(Beginning of Extracted records)
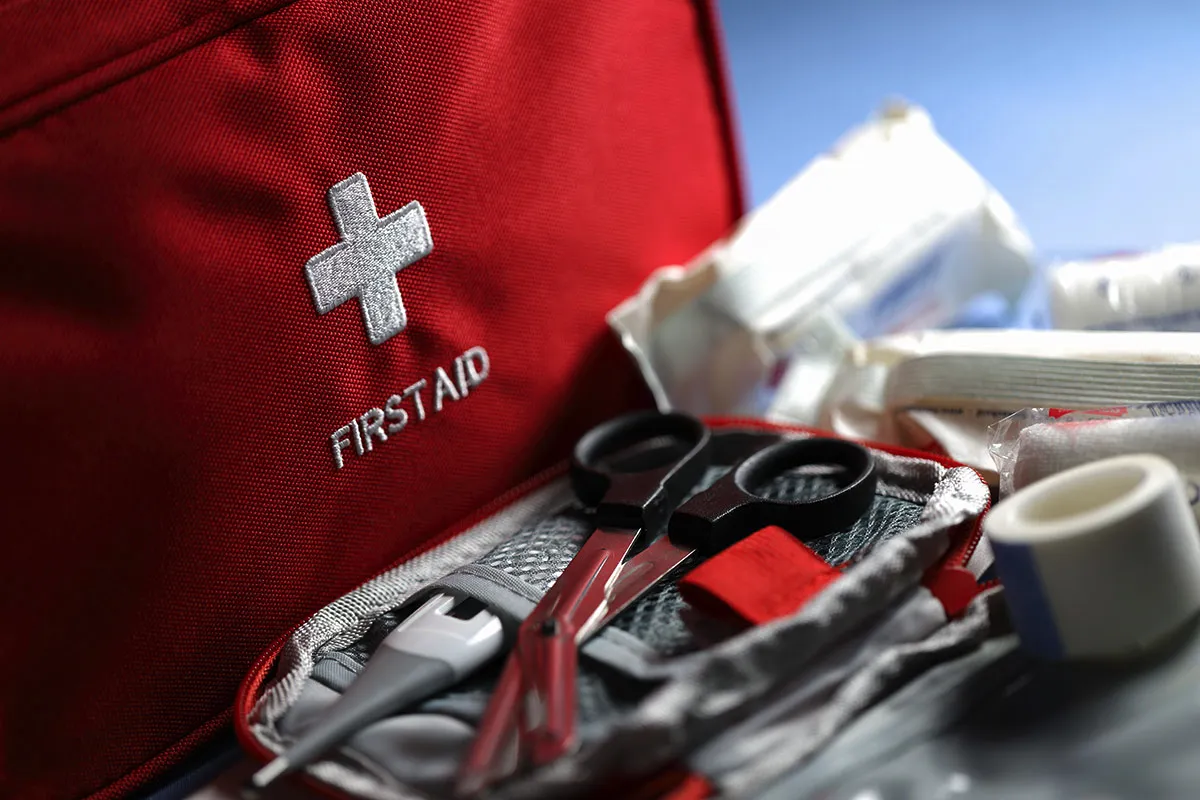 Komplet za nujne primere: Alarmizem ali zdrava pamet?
(End of Extracted records)
(Beginning of Extracted records)
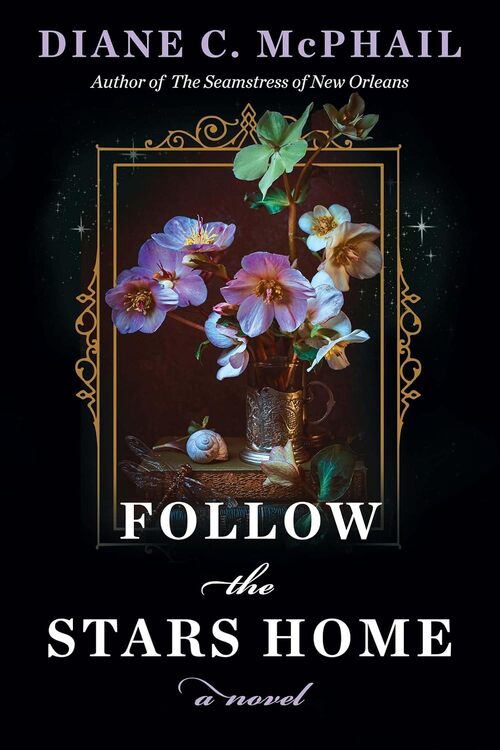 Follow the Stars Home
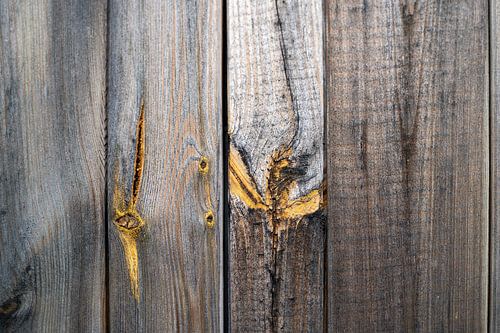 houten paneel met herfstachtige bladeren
(End of Extracted records)
| To do |
Word for word, repeat the lines above from the one with "Follow the Stars Home" through the one with "houten paneel met herfstachtige bladeren", and nothing beyond them. Omit the pictures.

| Solution to this exercise |
 Follow the Stars Home
 houten paneel met herfstachtige bladeren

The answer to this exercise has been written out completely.